All the lines below need to be transcribed exactly. Pictures get left out.
*** Recorded data Section Begins ***
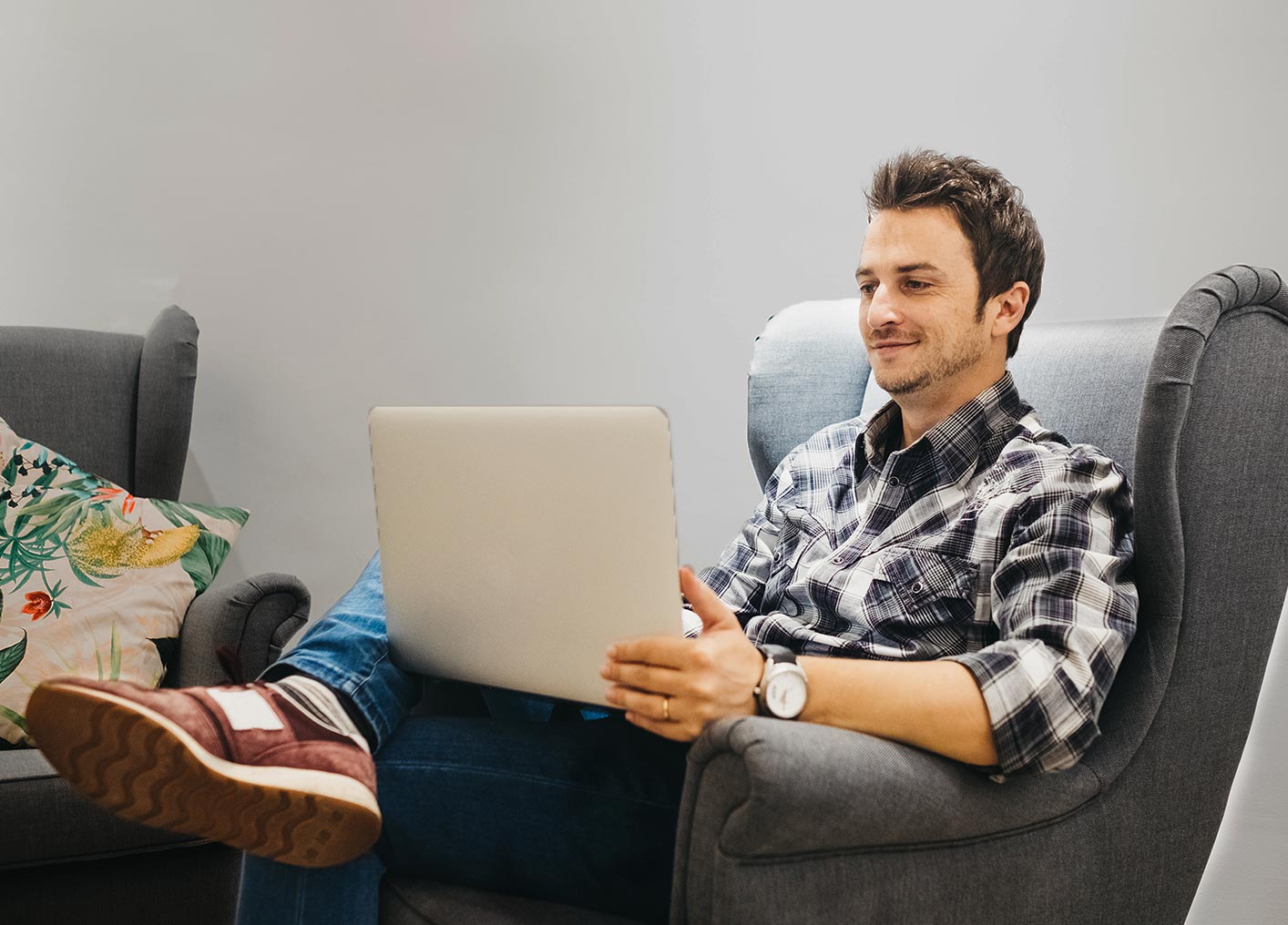 man wiht laptop working at home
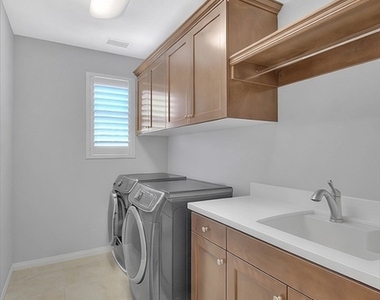 218 Wyndover - Photo Thumbnail 24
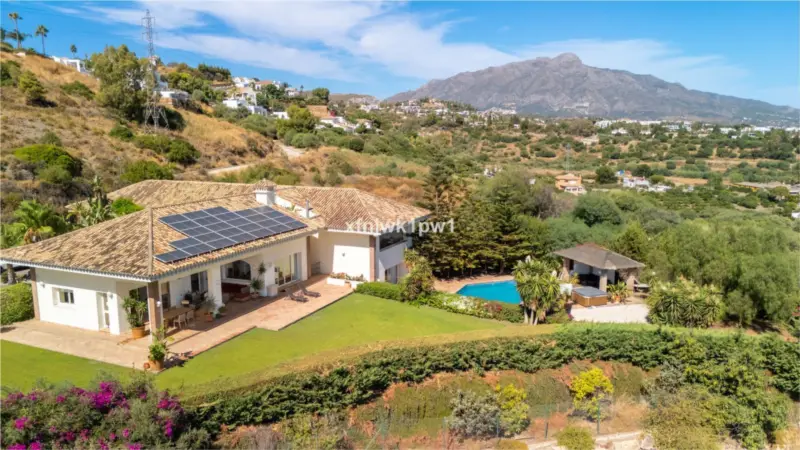 Exclusive Private Villa in the Hills of Benahavís... — Costa del Sol · Benahavís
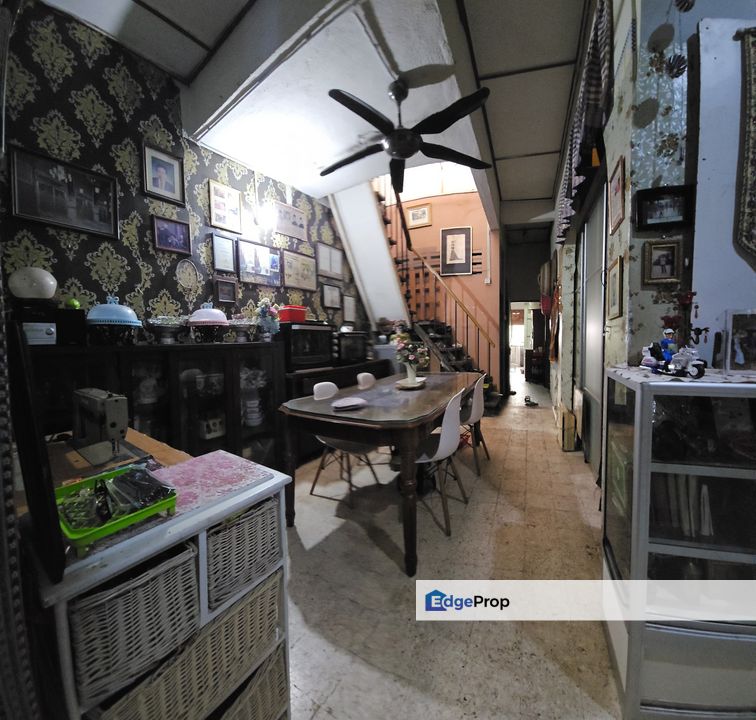 Near SMK Seri Gombak 1.5-Storey Terraced unit at Taman Desa Minang (Batu Caves,4R2B), Selangor, Gombak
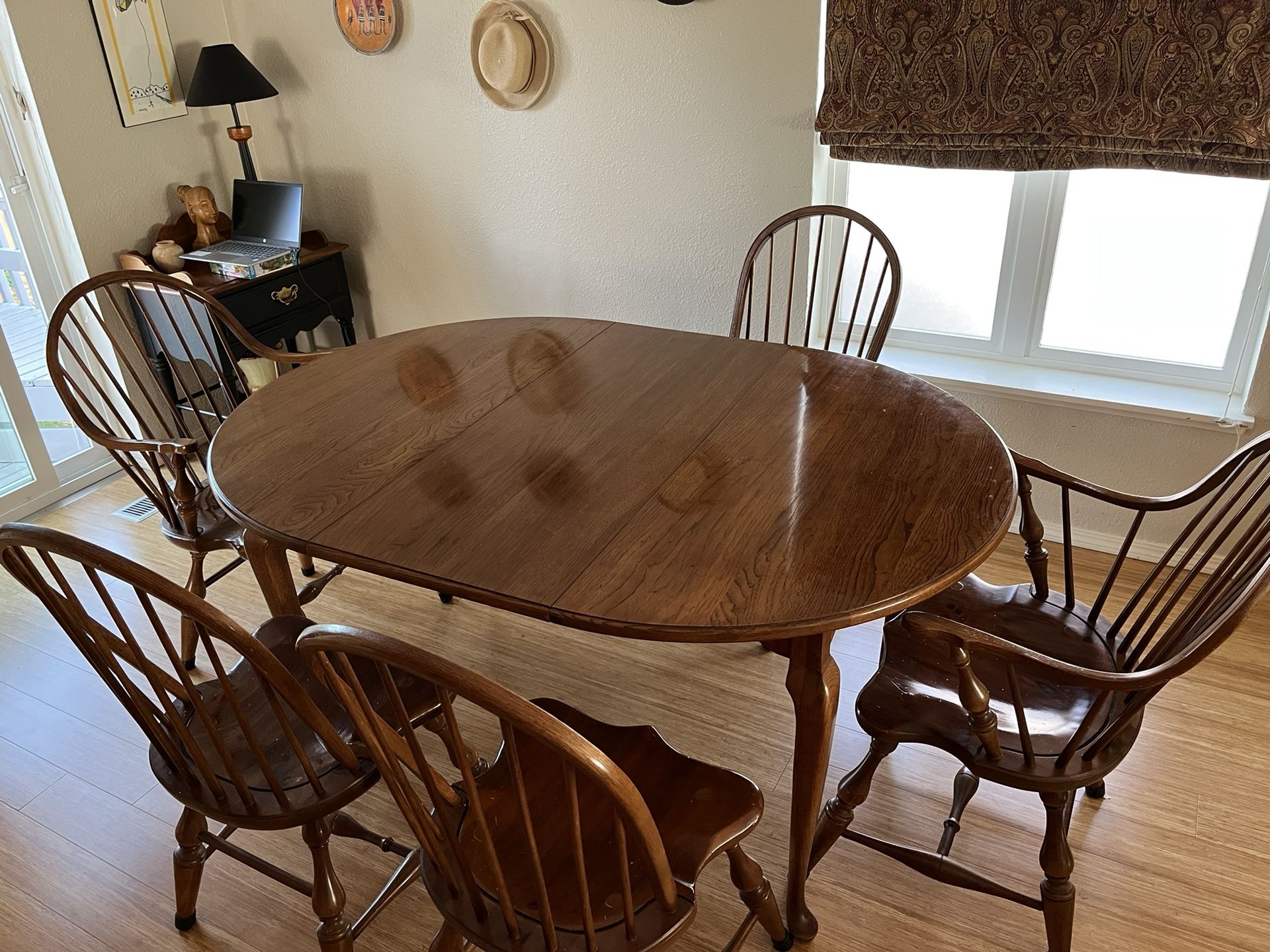 Kitchen/Dining Table 6 Chairs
*** Recorded data Section Ends ***
* [Response for this exercise]:
 man wiht laptop working at home
 218 Wyndover - Photo Thumbnail 24
 Exclusive Private Villa in the Hills of Benahavís... — Costa del Sol · Benahavís
 Near SMK Seri Gombak 1.5-Storey Terraced unit at Taman Desa Minang (Batu Caves,4R2B), Selangor, Gombak
 Kitchen/Dining Table 6 Chairs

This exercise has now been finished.